Re: UMP / CORS: Implementor Interest

On Tue, May 11, 2010 at 3:16 PM, Maciej Stachowiak <mjs@apple.com> wrote:
> On May 11, 2010, at 1:57 PM, Jonas Sicking wrote:
>> On Tue, May 11, 2010 at 1:34 PM, Dirk Pranke <dpranke@google.com> wrote:
>>> On Tue, May 11, 2010 at 12:01 PM, Tyler Close <tyler.close@gmail.com>
>>> wrote:
>>>> On Tue, May 11, 2010 at 11:41 AM, Ojan Vafai <ojan@chromium.org> wrote:
>>>>> What is the difference between an "authoring guide" and a
>>>>> "specification for
>>>>> web developers"?
>>>>
>>>> The difference is whether or not the normative statements in UMP
>>>> actually are normative for a CORS implementation.

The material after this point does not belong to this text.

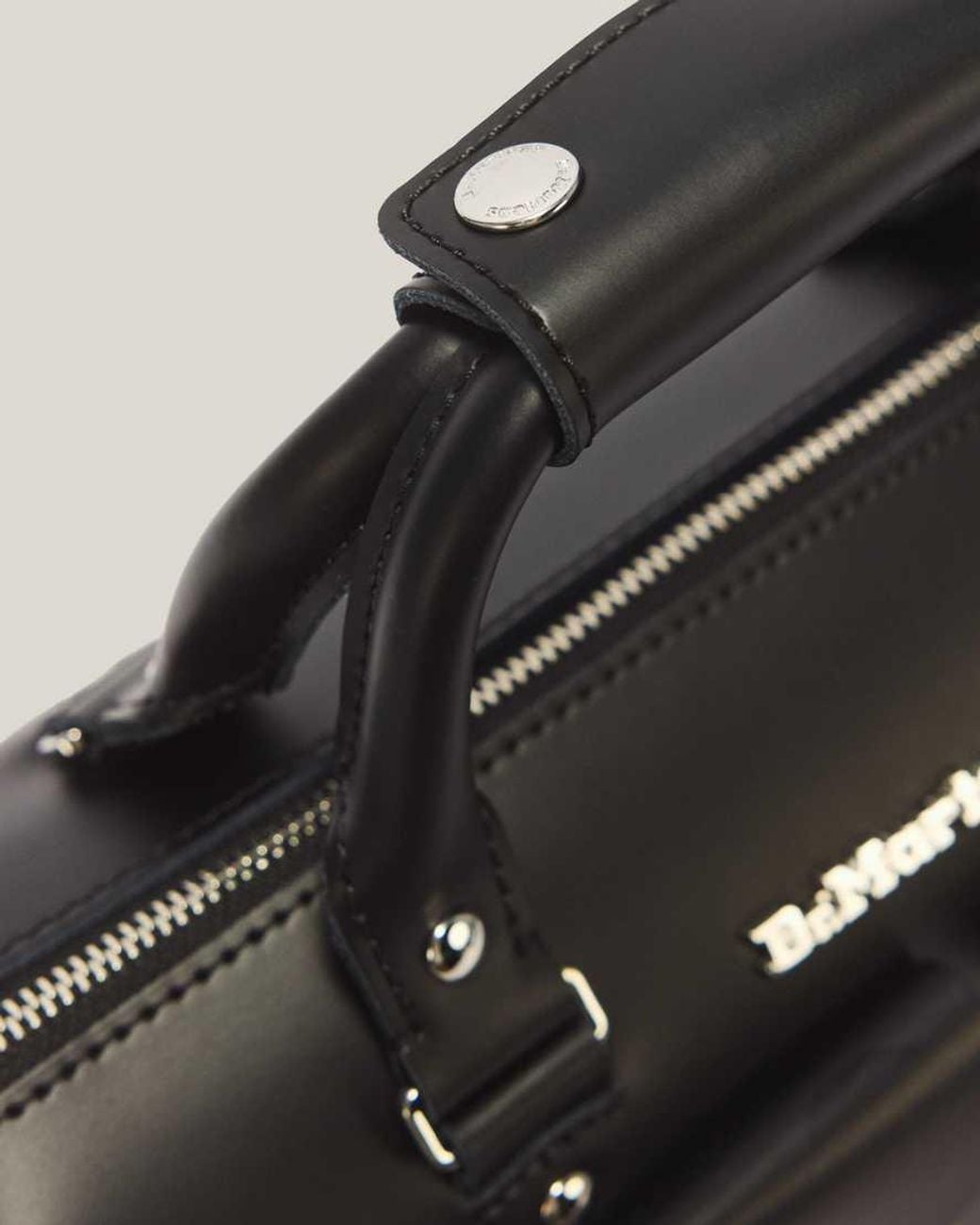 Dr. Martens Black Kiev Leather Top Handle Bag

This comes down to
>>>> whether or not a developer reading UMP can trust what it says, or must
>>>> he also read the CORS spec.
>>>>
>>>>>  The key point of making this distinction is that
>>>>> implementors should be able to look solely at the combined spec.
>>>>
>>>> No, the key point is to relieve developers of the burden of reading
>>>> and understanding CORS. The CORS spec takes on the burden of restating
>>>> UMP in its own algorithmic way so that an implementor can read only
>>>> CORS.
>>>
>>> If figuring out how to have two specs is too much hassle, you could
>>> probably get 90%+ of what people are looking for by putting all of the
>>> normative stuff in the CORS spec and writing an informational note
>>> describing UMP that only discusses the subset of CORS needed for UMP.
>>
>> That is exactly what I propose. I'd also call the informational UMP
>> note developer documentation, and make it easier to read for
>> developers than what a spec could ever be. But that's less important
>> if people feel otherwise.
>
> The approach suggested by Dirk and Jonas seems sensible to me.

Yeah, me too.  That's what I meant by my comment above.  Two documents for two
audiences, each tailored to best suit its audience.